AVAILABLE DATA:
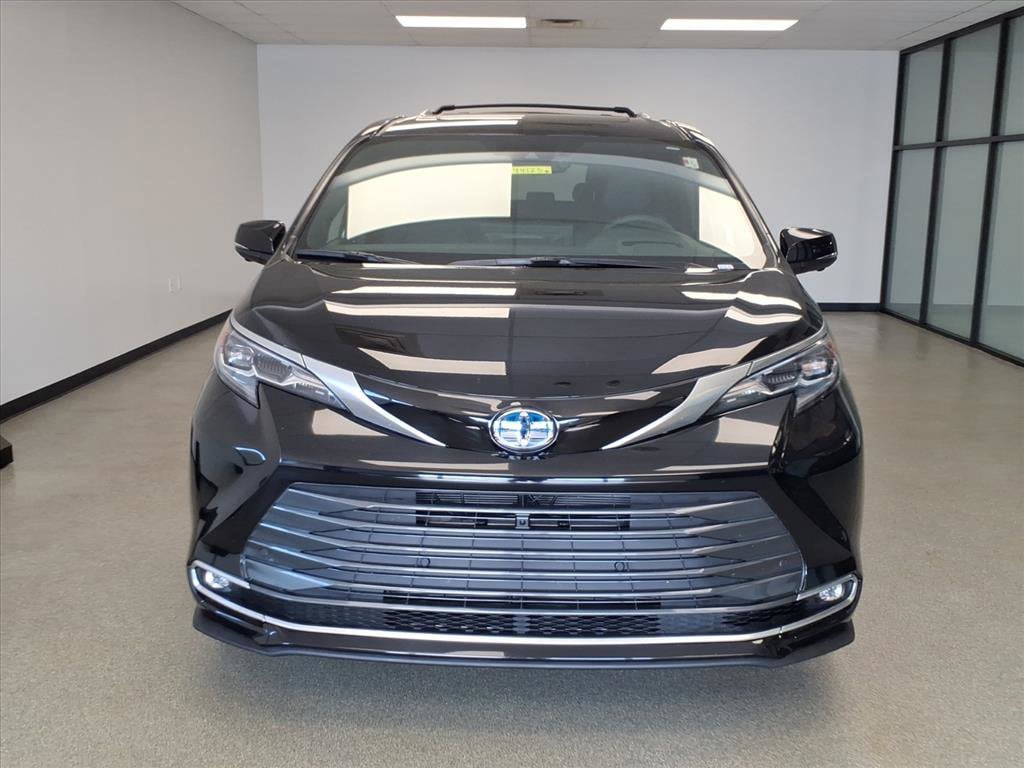 Certified 2025 Toyota Sienna Platinum Van Passenger Van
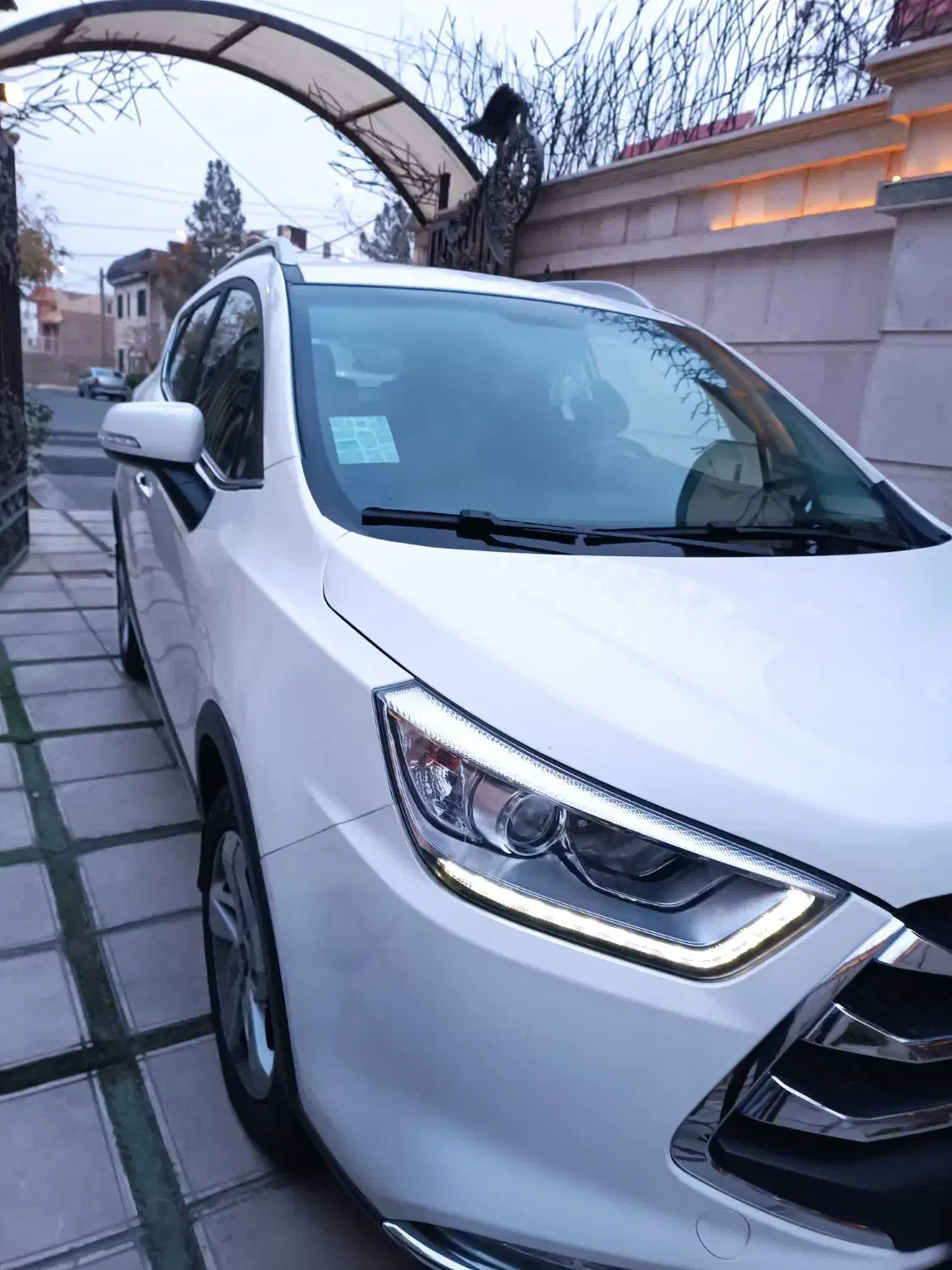 جک S3   مدل 1401 سفیددر حد صفر اتومات|خودرو سواری و وانت|تهران, ستارخان|دیوار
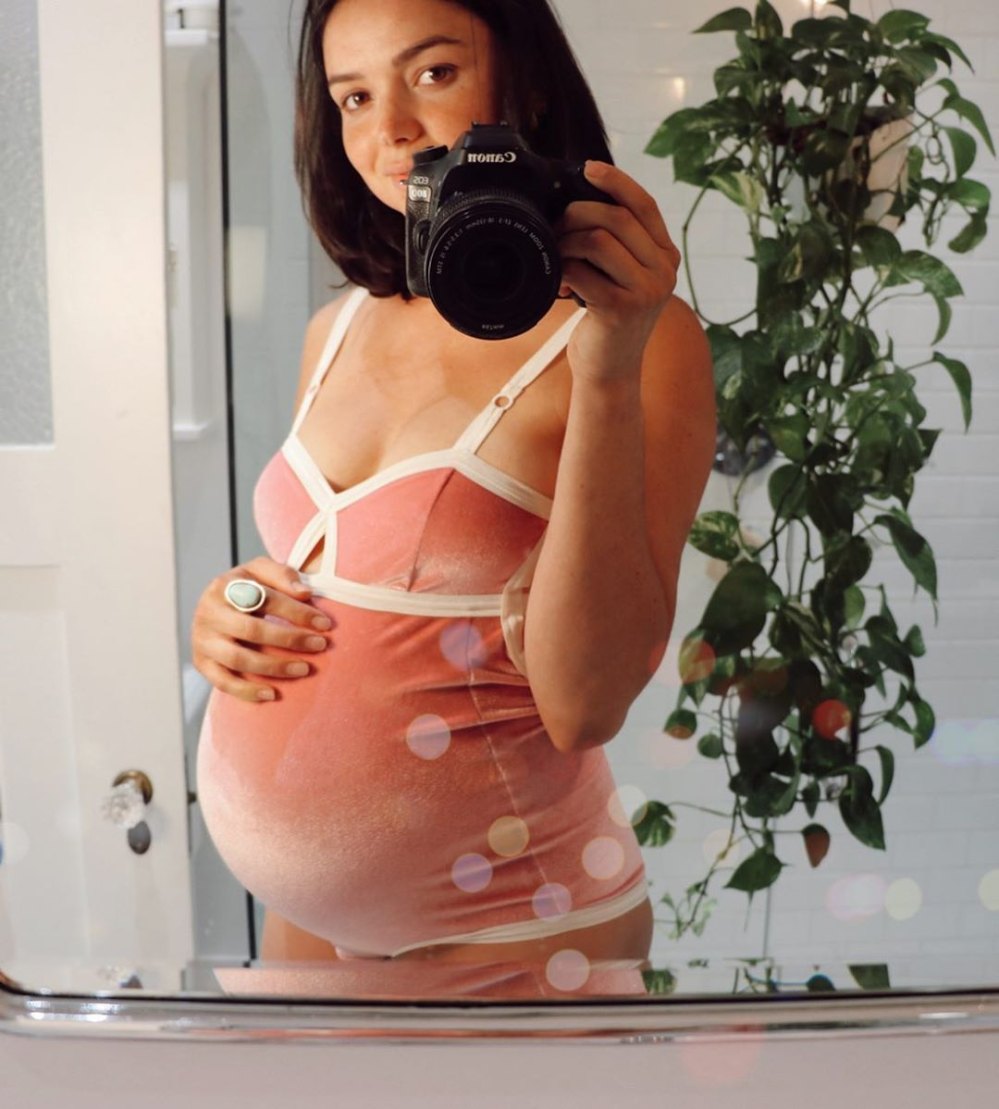 Pregnant Bekah Martinez Details Home Birth Plan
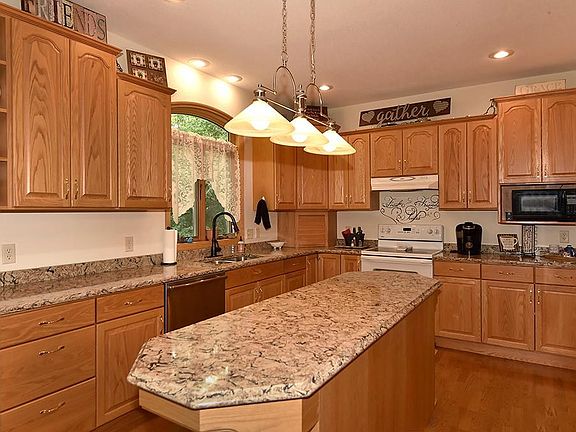 4th image of 1545 Deer Trail Ln NE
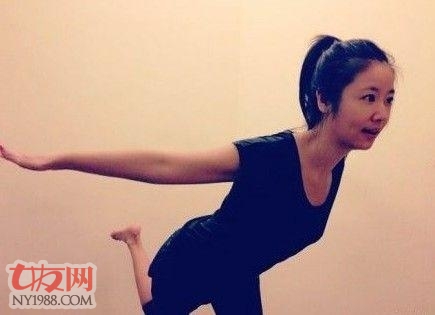 李嘉欣一字馬倒立露笑容 高難度動(dòng)作網(wǎng)友大呼厲害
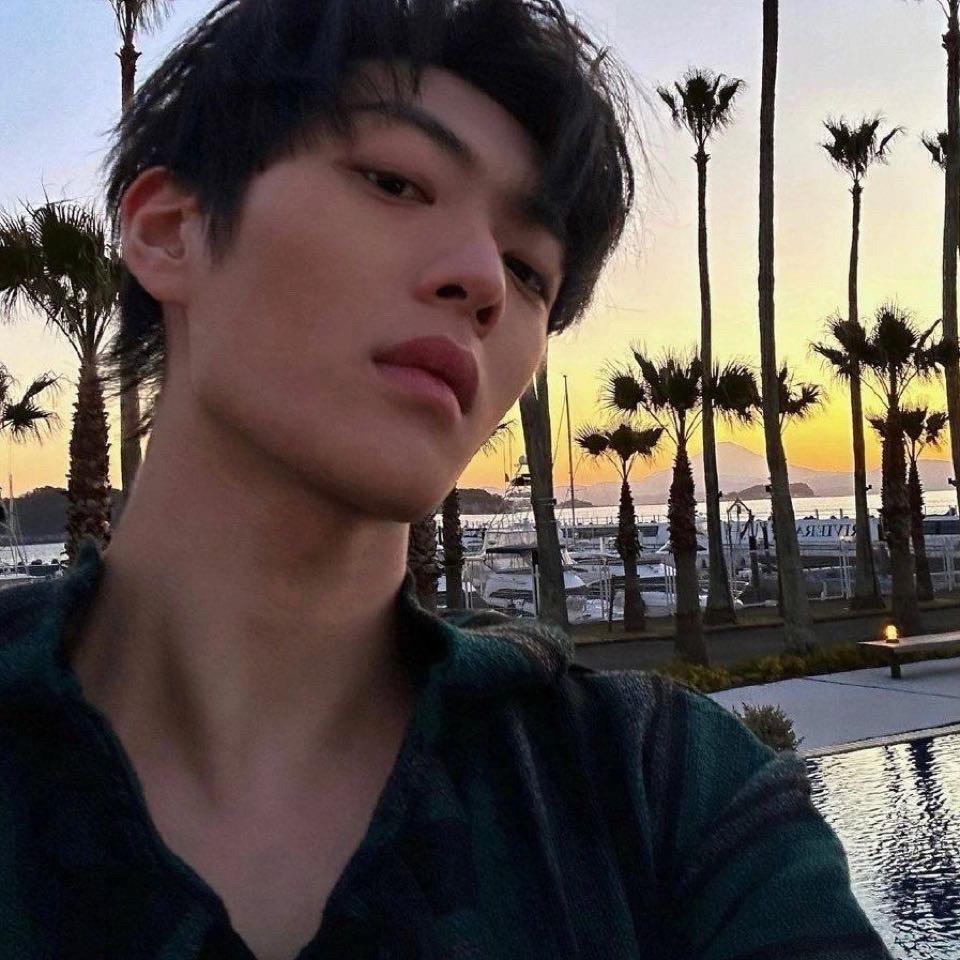 铁锅年代瞿溪店小帅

YOUR ASSIGNMENT:
The job here is to retype the data exactly, with no pictures included.

SOLVED EXERCISE:
 Certified 2025 Toyota Sienna Platinum Van Passenger Van
 جک S3   مدل 1401 سفیددر حد صفر اتومات|خودرو سواری و وانت|تهران, ستارخان|دیوار
 Pregnant Bekah Martinez Details Home Birth Plan
 4th image of 1545 Deer Trail Ln NE
 李嘉欣一字馬倒立露笑容 高難度動(dòng)作網(wǎng)友大呼厲害
 铁锅年代瞿溪店小帅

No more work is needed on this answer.